LAM/MPI logo

LAM/MPI General User's Mailing List Archives

  |   Home   |   Download   |   Documentation   |   FAQ   |   all just in this list

From: Jeff Squyres (jsquyres_at_[hidden])
Date: 2005-10-04 15:46:17


A few clarifications:

- Are you running on SMPs? I.e., is your master running on the same
node as at least one slave, and have slaves running on other nodes,
too?
- What RPI are you using?
- Can you verify that your master is stuck in the 200 loop? I.e., it's
looping around the MPI_Waitany and the processing that follows it?

On Oct 3, 2005, at 12:02 PM, Douglas Vechinski wrote:

>
> I have an MPI application configured with one master and many slaves
> that uses a single program model. After some initialization the master
> posts an MPI_IRECV() request for each slave and then arrives at the
> main
> wait loop.
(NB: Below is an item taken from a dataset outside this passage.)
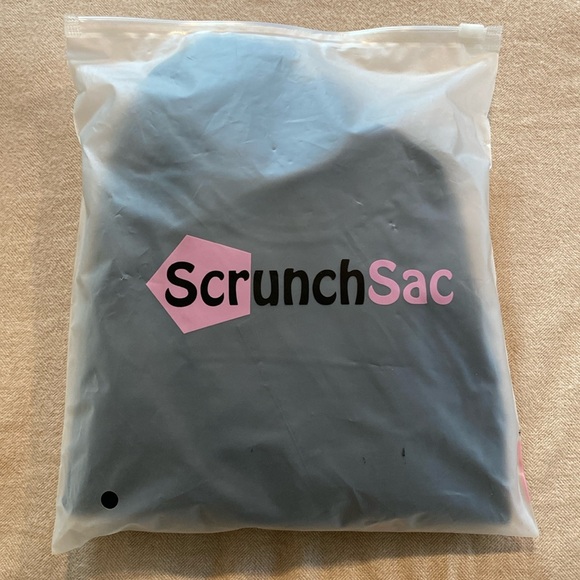 🆕 Scrunch Sac - Picture 2 of 5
This loop uses a MPI_WAITANY() to wait for one of the
> slaves
> to send a message requesting some work. If work is available then the
> master sends the information to the requesting slave and then posts
> another MPI_IRECV() (using the same request array and index as before)
> and goes back to the WAITANY(). If there is no more work to do, the
> master sends a termination message to the slave so that it may quit and
> the master returns back to the WAITANY() command for messages from
> slaves that are still working.
>
> When the master receives a message from one of the slaves, it checks
> the
> tag. A certain tag value implies that the slave encountered some known
> error condition and is going to quit. Before the slave exits it sends
> the message with the appropriate tag to the master. When the master
> receives this, it takes note of it ( so that it can report that some of
> the work didnot finish at the end), and goes back to the WAITANY
> statement.
>
> With no errors (on the slave end) this runs fine with no problems.
> However, to simulate the error checking, I forced one of the slaves
> encounter one of these error conditions. The process works except that
> I made the following observation. After the slave exits (it does call
> MPI_FINIALIZE), the master process starts sucking up cpu time as if it
> is continuously running. The remaining slaves continue to do their
> work
> and communicate with the master until the work left to be done is
> finished but the master seems to be running full blast. Before, with
> no
> simulated error, the master is basically sitting idle because of the
> MPI_WAITANY() call.
>
> After some pondering I thought the problem might be due to the request
> array used in MPI_WAITANY after the error having an invalid request
> from
> the slave that exited earlier. However, the slave actually fulfills
> the
> request initially posted and my understanding is that request handle
> gets set to MPI_REQUEST_NULL so should not interfere when the WAITANY
> is
> called again.
>
> Any insights into why the master suddenly starts eating cpu cycles
> continuously. I've provided a snippet of code for the section
> described
> above. Before the subroutine below is called, the request array
> contains the request handles to an MPI_IRECV posted to each slave.
>
> =======================================================================
> ===
>
> subroutine work_loop(neye,eyeprm,job_info,request)
>
> include 'mpif.h'
>
> integer neye,eyeprm(*),job_info(*),request(*)
> integer slvterm,eyenum,iproc,ierr
> integer stats(MPI_STATUS_SIZE)
>
> ncmplt=0
> nsubmit=0
> eyenum=eyeprm(1)
>
> slvterm=-1
>
> 00200 continue
> if(ncmplt.lt.neye)then
>
> c Wait for one of the slaves to signal that it has finished with
> c its current work.
>
> call mpi_waitany(njobs,request,iproc,stats,ierr)
> itag=stats(MPI_TAG)
> if(itag.eq.TAG_WORK_REQUEST)then
> if(job_info(iproc).gt.0)then
> ncmplt=ncmplt+1
> endif
>
> c See if there are any more work to submit.
>
> if(nsubmit.lt.neye)then
> call mpi_send(eyenum,1,MPI_INTEGER,iproc,TAG_WORK_SEND,
> & MPI_COMM_WORLD,ierr)
> nsubmit=nsubmit+1
> call mpi_irecv(job_info(iproc),1,MPI_INTEGER,iproc,
> & MPI_ANY_TAG,MPI_COMM_WORLD,request(iproc),ierr)
>
> c If not, then tell the slave to quit.
>
> else
> call mpi_send(slvterm,1,MPI_INTEGER,iproc,TAG_WORK_SEND,
> & MPI_COMM_WORLD,ierr)
> endif
>
> goto 200
> elseif(itag.eq.TAG_SLVERR)then
> nslverr=nslverr+1
> ncmplt=ncmplt+1
> goto 200
> endif
> endif
>
> return
>
>
> _______________________________________________
> This list is archived at http://www.lam-mpi.org/MailArchives/lam/
>

-- 
{+} Jeff Squyres
{+} The Open MPI Project
{+} http://www.open-mpi.org/